Then the car’s controls
start to turn blue! I remember from the Car Operating Procedures course that the
“blue controls of death” meant that the vehicle was developing a fault. Thank
goodness I decided to take that six month COP course. I really learned how to
operate the car well; the operating procedures were all completely different
from my previous car - the Model Y. Some of my late friends had decided to skip
that course and learn by trial and error. The COP course would have taught them
how to avoid that crash.
I looked anxiously for a
Major-General Autos Service Center. Only they would have the ability to replace
the faulty component with a new part for my Model X. But that would really spoil
my trip. I know they are really fast, but a three month wait while they make a
new “soft-part” by hand really does mean my holiday is ruined. The new
object-oriented method of soft-parts manufacture has not been accepted yet by
the Major-General Autos soft-parts engineers. Most of them gained their
soft-parts coding skills over 40 – 50 years. They all know that the new
object-oriented method for interchangeable soft-parts could not possibly work;
it will never replace their special hand-crafting coding skills.
Of course, the above
scenario is ridiculous. The automobile industry has not benefited from the speed
and power efficiencies that technology has brought to the IT industry. But on
the other hand the auto industry has other advantages that IT still has to
For example, cars have a
standard operating procedure. So learning to drive one car enables us to drive
any car; all car controls and driving procedures are standardized. But this is
not yet true for computers. Most operating systems are now similar in operation,
due largely to the dominance of Microsoft Windows. But the operating procedure
for each different program still has to be learned in detail. This is changing
slowly, such as with common operating procedures now used by most programs in
the Microsoft Office suite of products. But this common set of menus and
procedures has not achieved standard acceptance across all software developers
or manufacturers. Many programs still require considerable training to be able
to use them effectively.
But what about hardware and
software parts interchangeability and reuse?
The proprietary hardware
interfaces of a few years ago are now disappearing. Most manufacturers of
hardware peripherals now use common technology interfaces such as PCI, USB,
Firewire and Bluetooth. Most peripherals today can be easily connected using
these interfaces for the latest Intel-based machines or for Apple Macintoshes.
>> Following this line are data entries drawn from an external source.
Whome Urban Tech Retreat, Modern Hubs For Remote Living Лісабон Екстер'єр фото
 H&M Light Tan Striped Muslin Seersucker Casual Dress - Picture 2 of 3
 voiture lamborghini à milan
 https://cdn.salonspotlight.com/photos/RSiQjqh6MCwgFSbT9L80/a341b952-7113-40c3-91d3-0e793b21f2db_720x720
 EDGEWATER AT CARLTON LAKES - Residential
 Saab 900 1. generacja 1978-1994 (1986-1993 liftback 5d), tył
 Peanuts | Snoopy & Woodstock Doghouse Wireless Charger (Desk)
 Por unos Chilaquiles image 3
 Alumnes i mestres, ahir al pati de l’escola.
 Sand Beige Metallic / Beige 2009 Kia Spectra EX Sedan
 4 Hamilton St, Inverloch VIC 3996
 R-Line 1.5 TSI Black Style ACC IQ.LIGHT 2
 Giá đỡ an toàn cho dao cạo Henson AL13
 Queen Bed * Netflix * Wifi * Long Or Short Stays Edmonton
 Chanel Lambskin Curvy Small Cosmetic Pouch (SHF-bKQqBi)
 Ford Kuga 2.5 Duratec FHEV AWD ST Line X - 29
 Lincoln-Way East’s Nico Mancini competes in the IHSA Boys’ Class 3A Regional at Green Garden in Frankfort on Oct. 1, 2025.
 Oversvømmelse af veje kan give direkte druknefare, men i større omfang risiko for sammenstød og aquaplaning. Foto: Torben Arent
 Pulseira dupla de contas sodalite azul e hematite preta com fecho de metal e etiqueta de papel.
These technologies are moving us closer to the automobile industry concept of
interchangeable hardware parts from inventory. But the delays arising from
hand-crafted “soft-parts” in the scenario above are very real. We do not yet
have the capability for easy interchangeability and reuse of software. This is
by far the greatest problem today in the cost and use of computers.
Each program and each
software component is still largely hand-coded from scratch. Yet much of the
hand-coded logic used in most programs is implied by the database structure that
it is designed to use. Code generators today can use standard code patterns to
automatically generate 80% - 90% of the program code that was previously 100%
manually coded. We are starting to see automatic generation of programs in a
variety of languages. But object-oriented programming has not yet delivered on
its promise of inter-changeable and reusable code modules. Of course it is true
that object-oriented programmers can develop reusable code modules. But it takes
considerable time and skill to achieve this result.
Because of different
hardware and operating system platforms, we still have considerable problems in
integrating code modules within and between enterprises. These different
platforms and programming languages use various Application Program Interfaces
(APIs). Consequently programs or code modules written in one language with a
particular API cannot be easily integrated with other programs or code modules
on different platforms. To address this problem, Remote Procedure Call (RPC)
technologies that use CORBA (Common Object Request Broker Architecture), COM
(Common Object Model) and other approaches have enabled tightly-coupled
integration of code across dissimilar platforms in real-time.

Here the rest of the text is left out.